Implications for Model and System Design
The results demonstrate that retrieval and pretraining must be considered as competing mechanisms for corpus utilization, rather than as independent system augmentations. Retrieval is most valuable in data-constrained, undertrained, or small-LM regimes, where parametric capacity is insufficient for comprehensive factual recall. As models scale up or approach pretraining saturation, retrieval's marginal utility declines, and optimization should prioritize internalization via pretraining.
The practical implications are substantial for efficient LM system design, particularly for SLMs or deployments with strict data and computational budgets. Explicit partitioning of corpora for parametric learning versus external retrieval can yield compute-efficient and memory-efficient architectures. Theoretical implications involve a unified treatment of scaling laws, suggesting retrieval is not a monotonic or universal substitute for memorization but a conditional, scale- and task-dependent resource.
Limitations and Future Directions
The study fixes retriever type and chunking strategy, which may understate maximum achievable gains for advanced retrieval pipelines or adaptive methods. The scaling law framework could be extended to incorporate retrieval quality metrics, relevance estimation, or adaptive allocation schemes (e.g., reranking, learned filtering). Unification across benchmarks would also facilitate generalization of scaling law parameters and explainability regarding retrieval sensitivity or reasoning burdens.

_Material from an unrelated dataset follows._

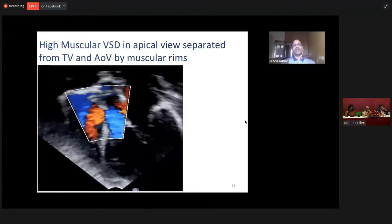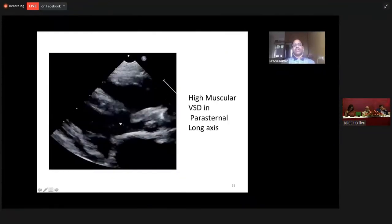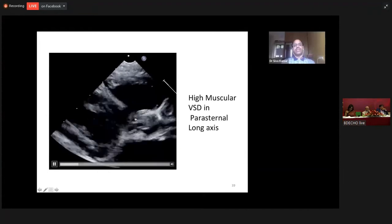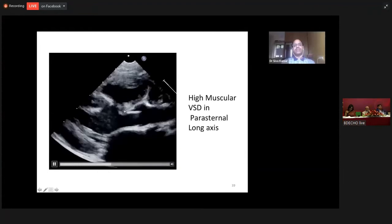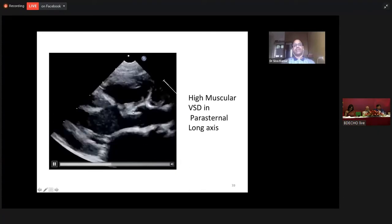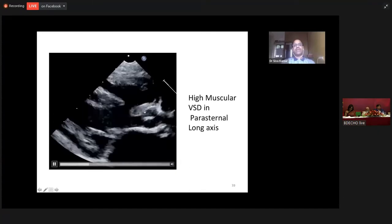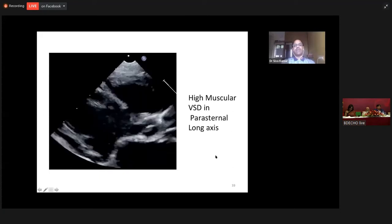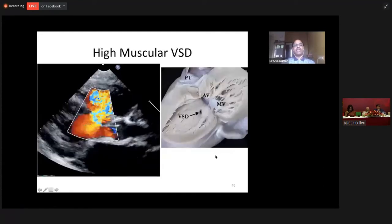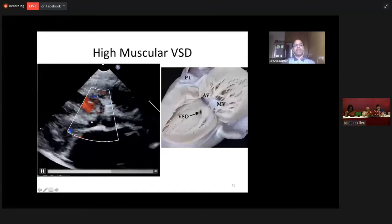These are ones that are amenable for device closure. When you look at it on a parasternal long axis view, you can see a good separation between the ventricular septal defect and the aortic valve by a long muscular septum. So this is a high muscular or basal muscular VSD, which is also seen well on a color flow here on a parasternal long axis view.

Inspired by analogies to human cognition, future research could explore purposeful allocation of abstract reasoning to pretraining versus long-tail factual knowledge to retrieval within hybrid memory architectures. More principled scheduling of data exposure and adaptive retrieval could further enhance sample efficiency.
Conclusion
This paper provides an authoritative quantification of the pretraining–retrieval trade-off in RAG-aware LM training, supported by a 3D scaling law framework and robust empirical analysis across diverse model sizes and tasks. The results delineate the scale-dependent substitutability, marginal gains, and practical limitations of retrieval augmentation as a complement to parametric learning. The insights have immediate practical value for efficient architecture design and corpus allocation, and lay the foundation for future extensions in retrieval pipeline optimization and scaling law theory.